Data Cleaning and Pre-processing

Drop irrelevant columns that do not contribute to analysis

In [40]:
columns_to_drop = ['url', 'address', 'phone', 'reviews_list', 'menu_item', 'listed_in(city)']
df.drop(columns= columns_to_drop, inplace = True)

Remove duplicate rows to avoid skewed results

In [41]:
df.drop_duplicates(inplace = True)

Drop rows where critical columns have missing values

In [42]:
df.dropna(subset= ['rate', 'approx_cost(for two people)', 'location'], inplace = True)

Fill missing values in less critical columns with default values

In [43]:
df['cuisines'] = df['cuisines'].fillna('Unknown')
df['rest_type'] = df['rest_type'].fillna('Others')
df['dish_liked'] = df['dish_liked'].fillna('Not specified')

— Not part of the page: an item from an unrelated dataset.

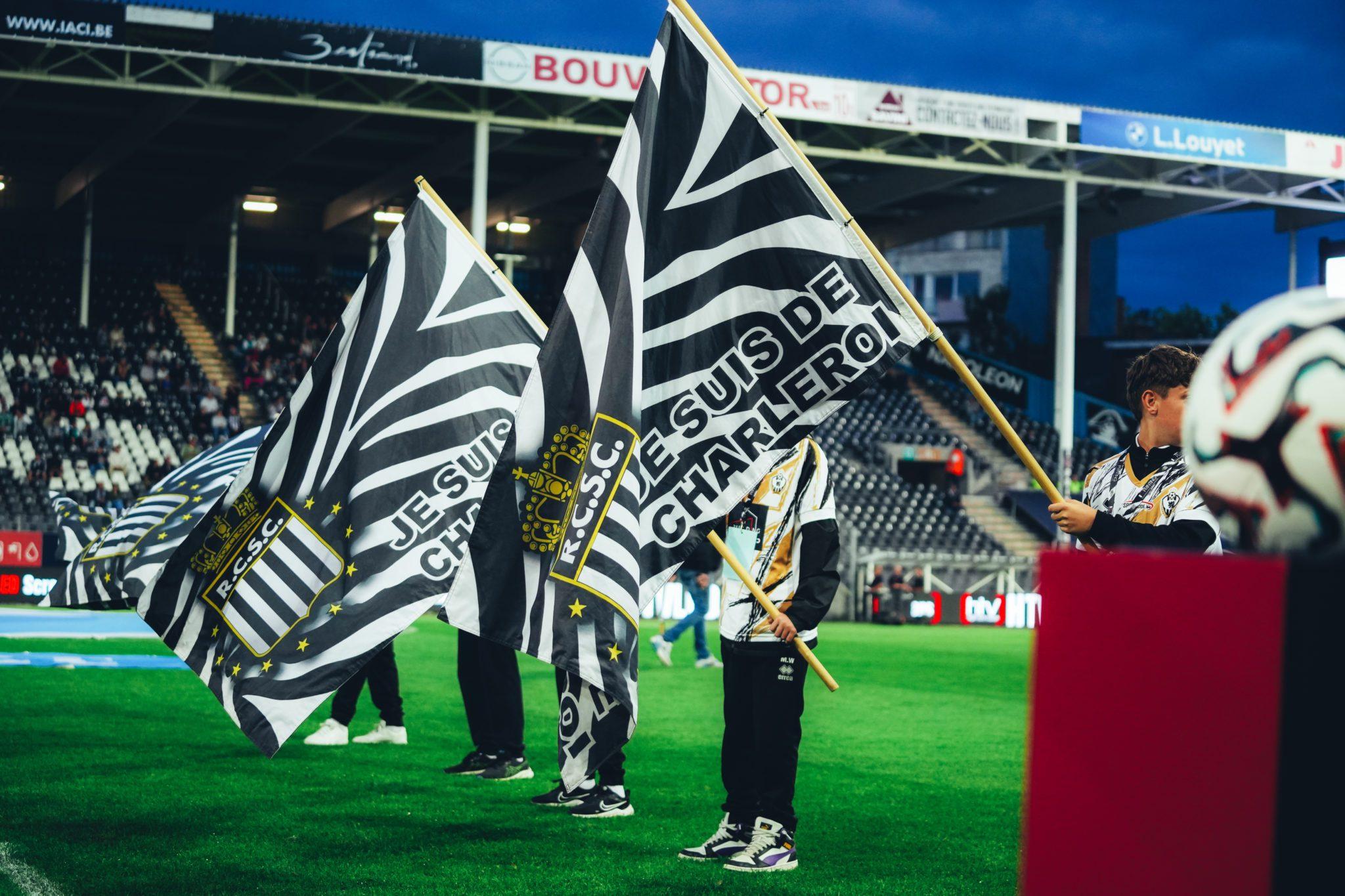 Parfait Guiagon brille à Charleroi comme meilleur buteur et joueur clé. Découvrez ses stats, son impact et son avenir au RCSC.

Clean 'rate' column by removing '/5', stripping spaces, and converting to numeric

In [57]:

df['rate'] = df['rate'].astype(str).str.replace('/5', '', regex=False).str.strip()
df['rate'] = df['rate'].replace('-', np.nan)
df['rate'] = pd.to_numeric(df['rate'], errors='coerce')



Remove commas from 'cost' column and convert to float

In [48]:
df['approx_cost(for two people)']= df['approx_cost(for two people)'].astype(str).str.replace(",", "").astype(float)
df.rename(columns= {'approx_cost(for two people)':'cost'}, inplace = True)

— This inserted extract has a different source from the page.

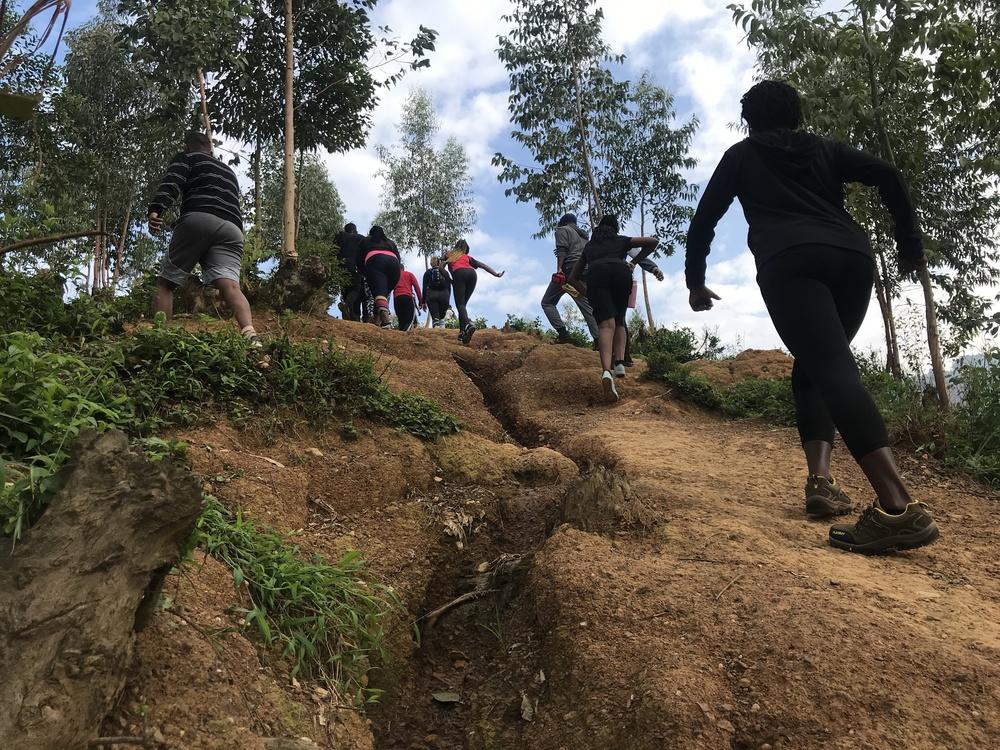 Hiking: Long live the rescue team Hiking: Long live the rescue team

Add new column with cost per person

In [63]:
df['cost_per_person'] = df['cost']/2

Extract the first listed cuisine as the primary one

In [61]:
df['primary_cuisines'] = df['cuisines'].str.split(',').str[0]

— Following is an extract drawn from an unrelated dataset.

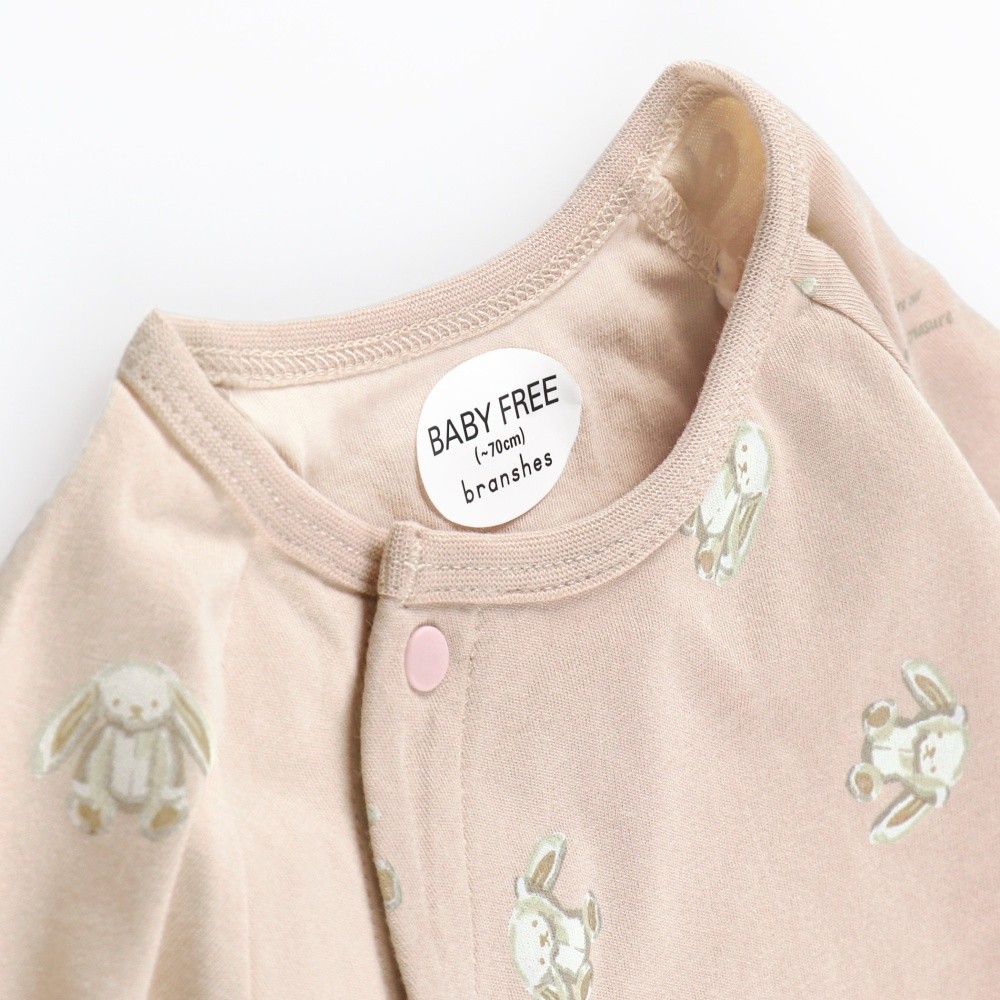 ピンクベージュ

Convert 'Yes/No' to boolean in online order and table booking

In [50]:
df['online_order']= df['online_order'].map({'Yes':True, 'No':False})
df['book_table']= df['book_table'].map({'Yes':True, 'No':False})

Standardize column names: lowercase, strip spaces, replace spaces with underscores

In [53]:
df.columns= df.columns.str.strip().str.lower().str.replace(" ", "_")

In [54]:
df.head()

Unnamed: 0,name,online_order,book_table,rate,votes,location,rest_type,dish_liked,cuisines,cost,listed_in(type),cost_per_person,primary_cuisines
0,Jalsa,True,True,4.1,775,Banashankari,Casual Dining,"Pasta, Lunch Buffet, Masala Papad, Paneer Laja...","North Indian, Mughlai, Chinese",800.0,Buffet,400.0,North Indian
1,Spice Elephant,True,False,4.1,787,Banashankari,Casual Dining,"Momos, Lunch Buffet, Chocolate Nirvana, Thai G...","Chinese, North Indian, Thai",800.0,Buffet,400.0,Chinese
2,San Churro Cafe,True,False,3.8,918,Banashankari,"Cafe, Casual Dining","Churros, Cannelloni, Minestrone Soup, Hot Choc...","Cafe, Mexican, Italian",800.0,Buffet,400.0,Cafe
3,Addhuri Udupi Bhojana,False,False,3.7,88,Banashankari,Quick Bites,Masala Dosa,"South Indian, North Indian",300.0,Buffet,150.0,South Indian
4,Grand Village,False,False,3.8,166,Basavanagudi,Casual Dining,"Panipuri, Gol Gappe","North Indian, Rajasthani",600.0,Buffet,300.0,North Indian


We cleaned the dataset by removing unnecessary columns and duplicate rows, handling missing values in key fields, and standardizing entries. The rate column was cleaned by removing text like /5, and non-numeric values such as 'NEW' or '-' were filtered out. The approx_cost(for two people) column was cleaned and renamed to cost. We also extracted new columns like cost_per_person and primary_cuisine for better insights. Lastly, we converted relevant columns to appropriate types and standardized all column names for consistency.